§ **WHAT THE EXERCISE ASKS**
If an entry includes an image, drop the image and copy the rest verbatim.

** Opening INFORMATION GIVEN block **

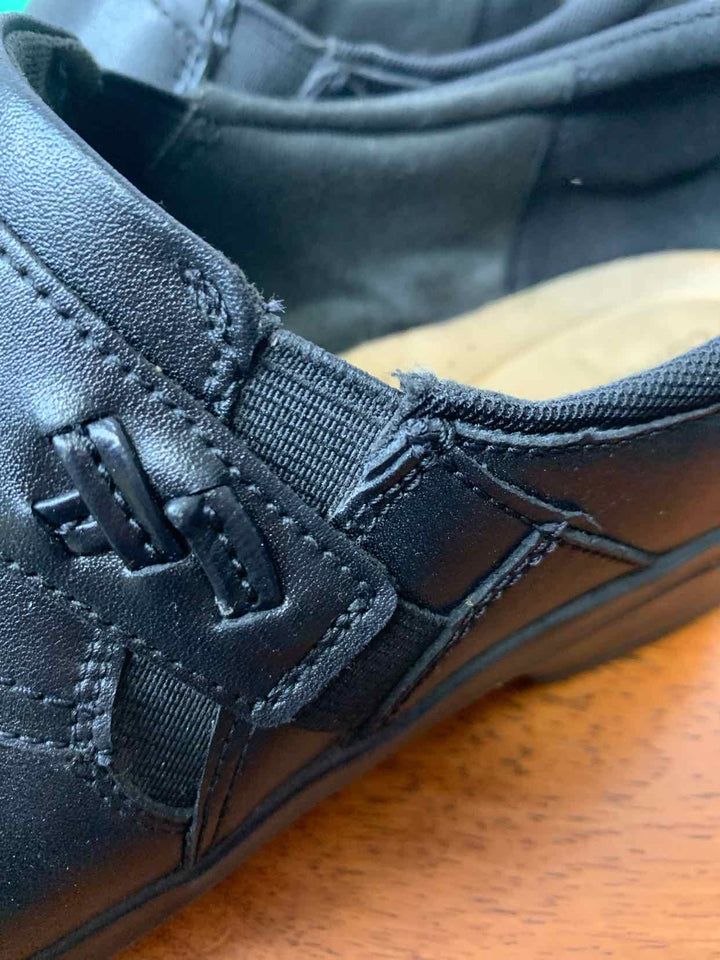 Clarks Black W Shoe Size 9.5 flat shoe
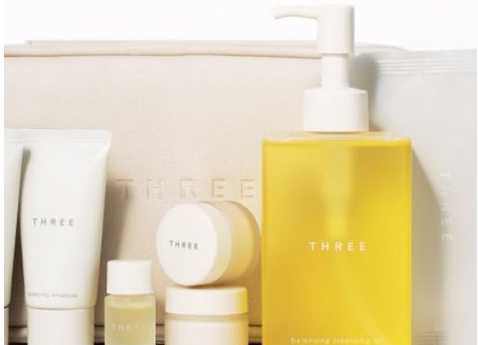 家里潮湿有异味怎么办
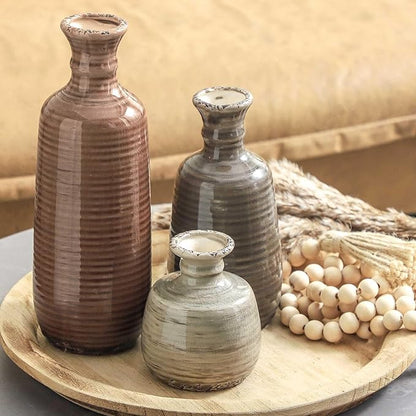 Set of 3 cylindrical ceramic vases with fluted pattern in terracotta brown and gray
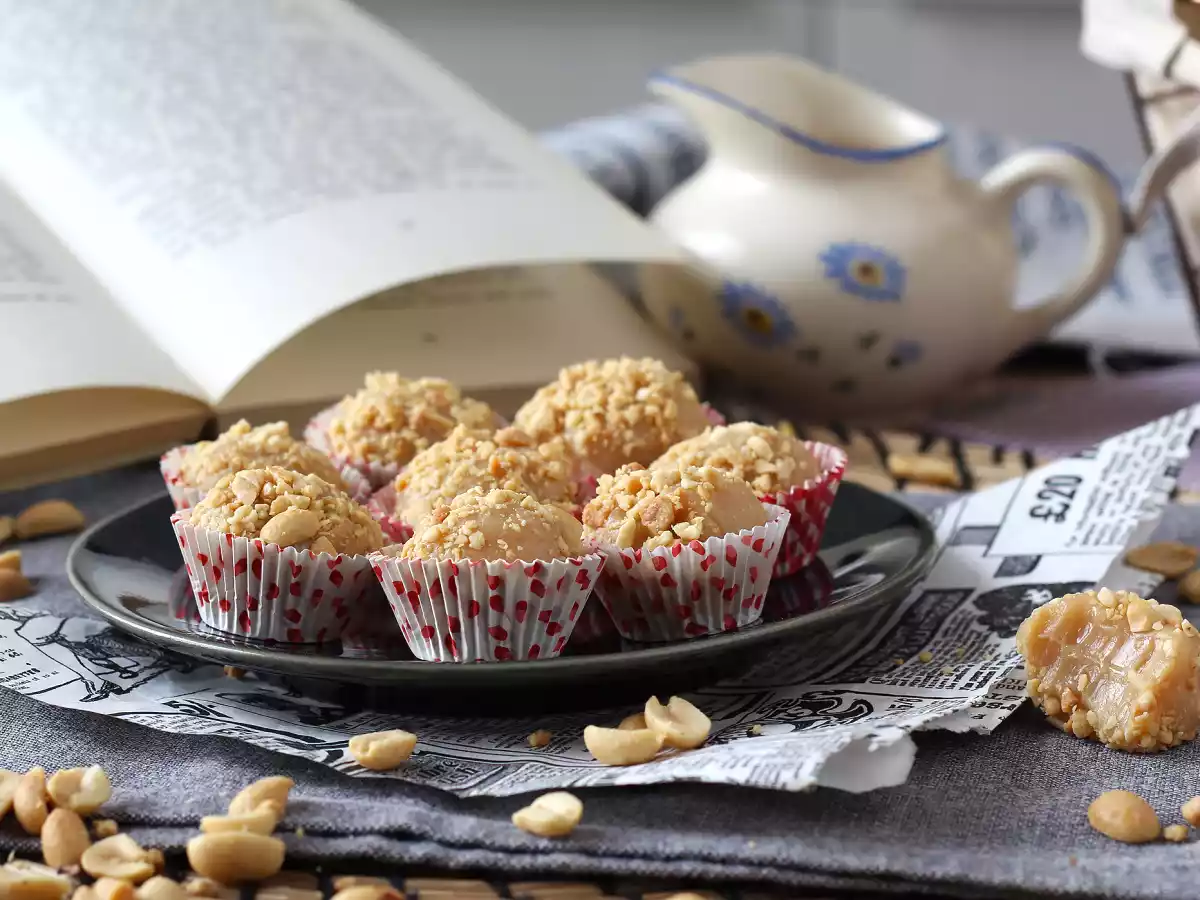 Erdnuss-Brigadeiro, eine köstliche brasilianische Süßspeise - foto 2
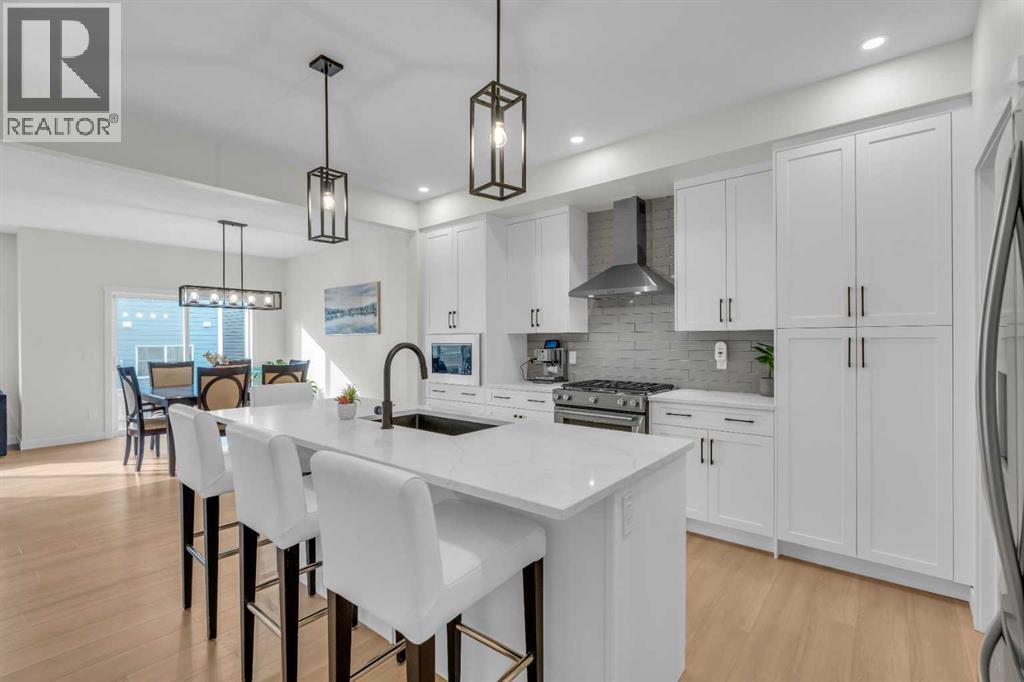 Single Family House for Sale in  Versant View SW Alpine Park Calgary 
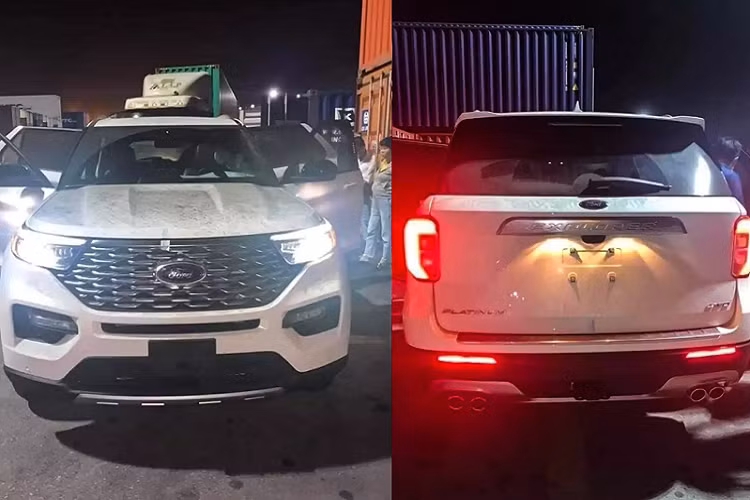 Sau chiếc Ford Explorer thế hệ mới phiên bản Platinum đã được đưa về Việt Nam hồi đầu năm ngoái. Mới đây, thêm một chiếc Explorer thế hệ mới phiên bản Platinum được khui công. Xe thuộc phiên bản Platinum cao cấp hơn các phiên bản như Tiêu chuẩn, XLT, Limited/Limited Hybrid. Phiên bản Explorer Platinum chỉ định vị thấp hơn phiên bản hàng đầu Explorer ST.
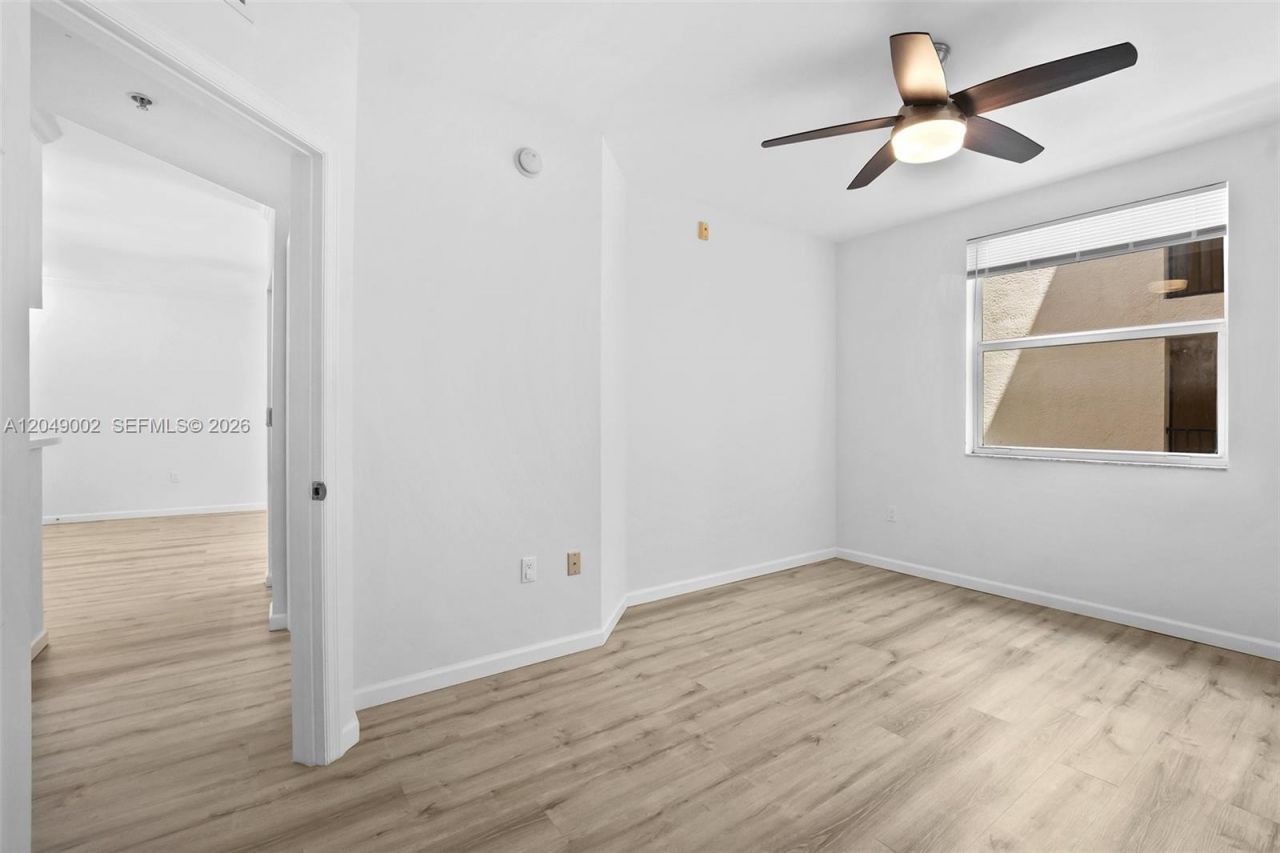 17145 N Bay Rd, Unit 4303, Sunny Isles Beach, FL 33160 Photo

** Closing INFORMATION GIVEN block **

§ **OUTPUT**
 Clarks Black W Shoe Size 9.5 flat shoe
 家里潮湿有异味怎么办
 Set of 3 cylindrical ceramic vases with fluted pattern in terracotta brown and gray
 Erdnuss-Brigadeiro, eine köstliche brasilianische Süßspeise - foto 2
 Single Family House for Sale in  Versant View SW Alpine Park Calgary 
 Sau chiếc Ford Explorer thế hệ mới phiên bản Platinum đã được đưa về Việt Nam hồi đầu năm ngoái. Mới đây, thêm một chiếc Explorer thế hệ mới phiên bản Platinum được khui công. Xe thuộc phiên bản Platinum cao cấp hơn các phiên bản như Tiêu chuẩn, XLT, Limited/Limited Hybrid. Phiên bản Explorer Platinum chỉ định vị thấp hơn phiên bản hàng đầu Explorer ST.
 17145 N Bay Rd, Unit 4303, Sunny Isles Beach, FL 33160 Photo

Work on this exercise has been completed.